*Input data*.
-.-.-

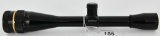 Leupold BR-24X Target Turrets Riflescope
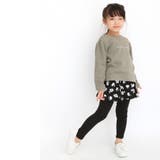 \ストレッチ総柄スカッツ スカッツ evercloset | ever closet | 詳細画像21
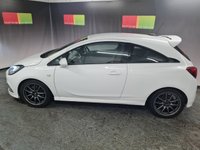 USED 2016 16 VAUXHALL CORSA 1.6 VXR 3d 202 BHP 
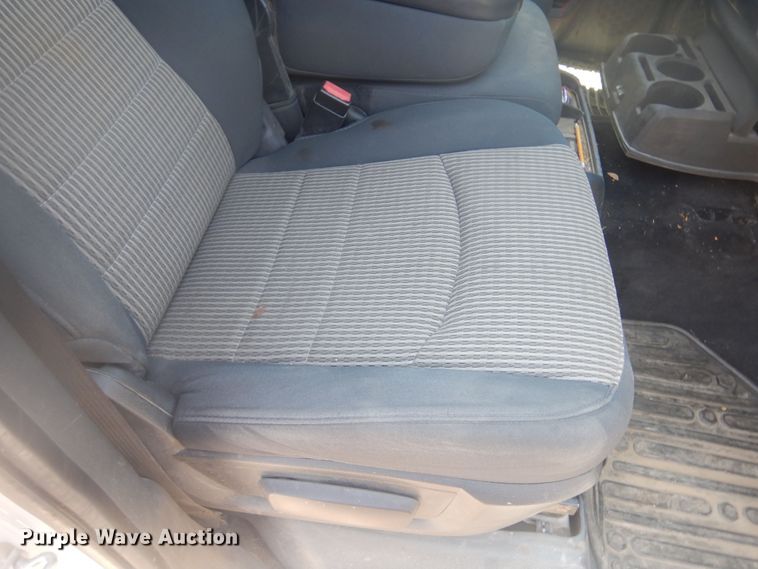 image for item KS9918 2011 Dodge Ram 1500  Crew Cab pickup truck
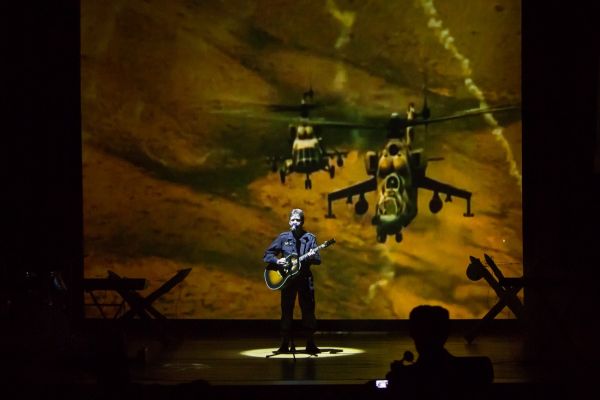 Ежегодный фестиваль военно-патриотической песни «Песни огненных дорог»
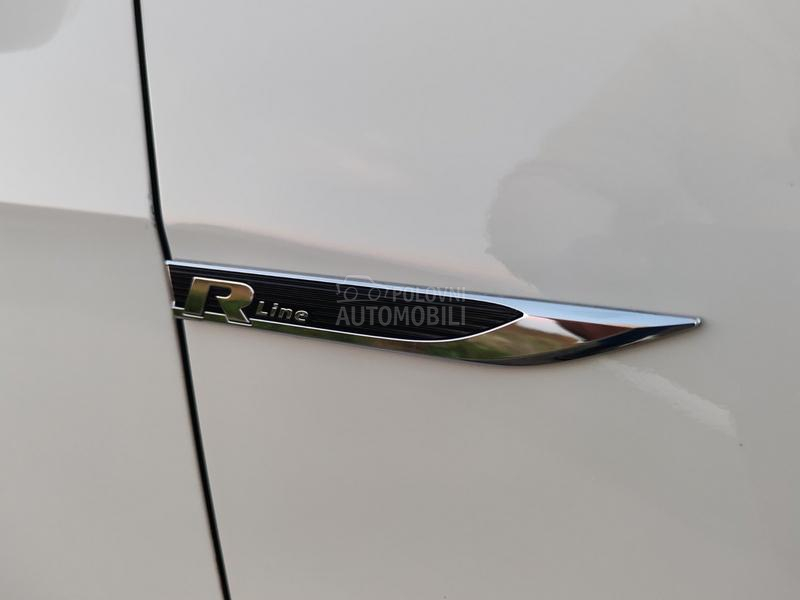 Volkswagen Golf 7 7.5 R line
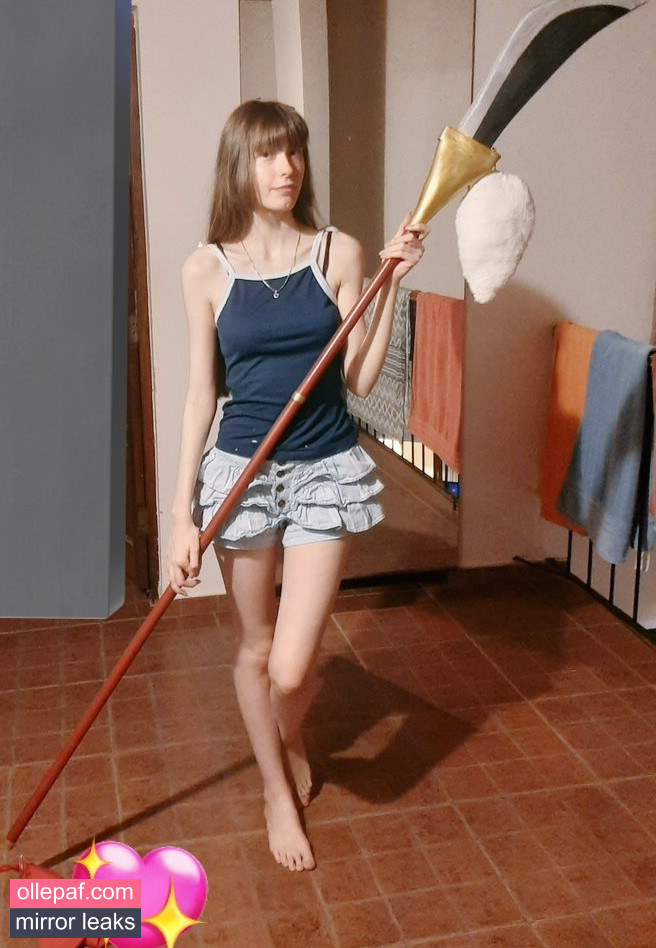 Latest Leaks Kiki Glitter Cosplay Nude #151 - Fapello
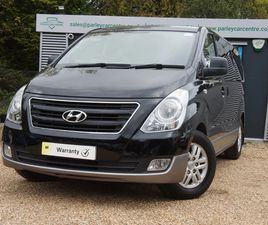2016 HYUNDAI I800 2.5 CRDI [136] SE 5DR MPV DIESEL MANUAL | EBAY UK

-.-.-

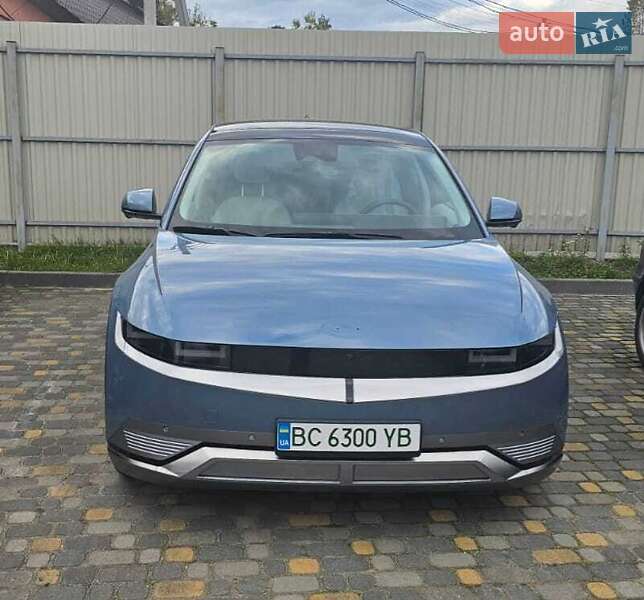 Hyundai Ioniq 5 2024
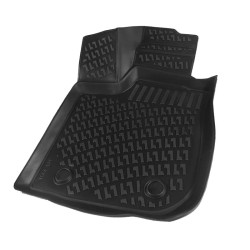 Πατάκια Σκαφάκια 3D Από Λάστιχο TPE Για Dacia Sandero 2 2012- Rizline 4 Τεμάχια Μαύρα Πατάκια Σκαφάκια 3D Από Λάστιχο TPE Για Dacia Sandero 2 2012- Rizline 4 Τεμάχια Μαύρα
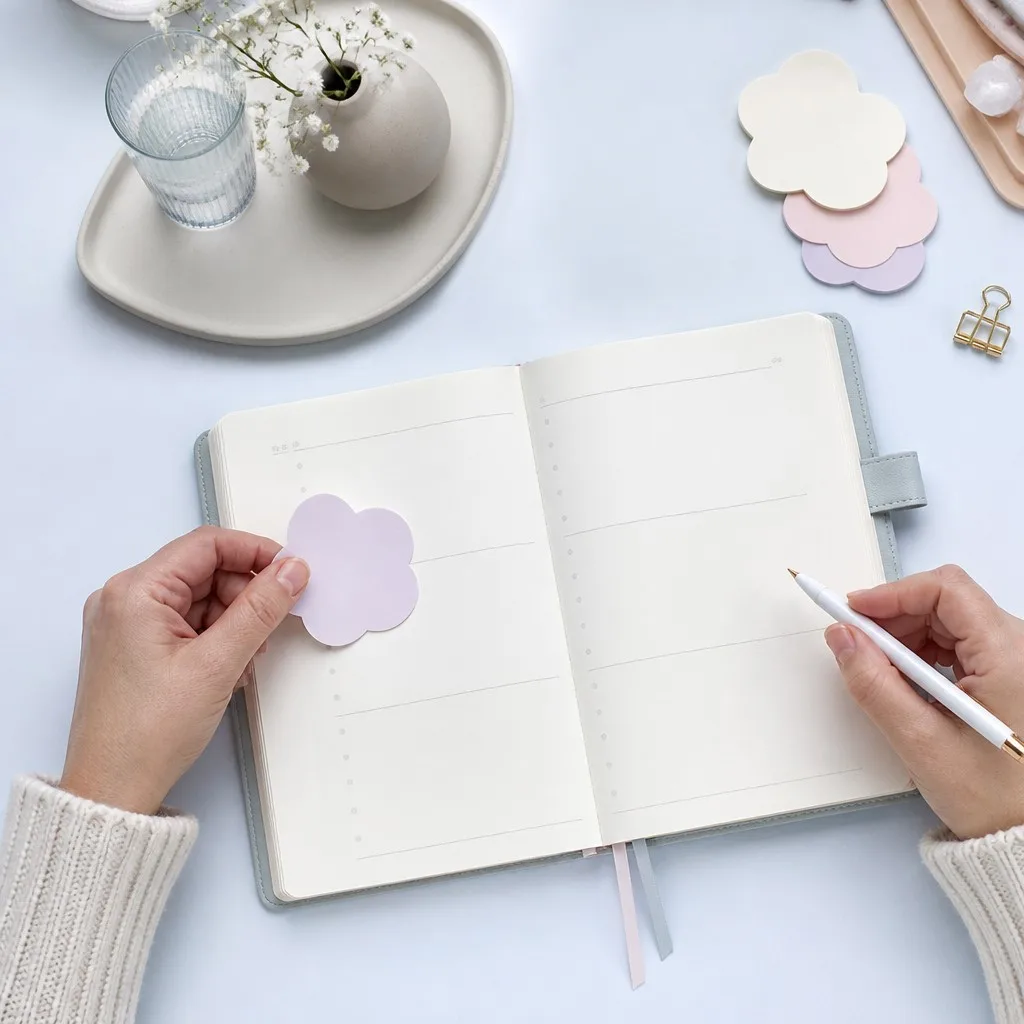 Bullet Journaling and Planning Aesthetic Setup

-.-.-

*Problem details*. All lines above from the one containing "closet | 詳細画像21" up to and including the one containing "2016 HYUNDAI I800" are to be set down exactly, and nothing else. Leave images out.

*Expected answer*.
 \ストレッチ総柄スカッツ スカッツ evercloset | ever closet | 詳細画像21
 USED 2016 16 VAUXHALL CORSA 1.6 VXR 3d 202 BHP 
 image for item KS9918 2011 Dodge Ram 1500  Crew Cab pickup truck
 Ежегодный фестиваль военно-патриотической песни «Песни огненных дорог»
 Volkswagen Golf 7 7.5 R line
 Latest Leaks Kiki Glitter Cosplay Nude #151 - Fapello
2016 HYUNDAI I800 2.5 CRDI [136] SE 5DR MPV DIESEL MANUAL | EBAY UK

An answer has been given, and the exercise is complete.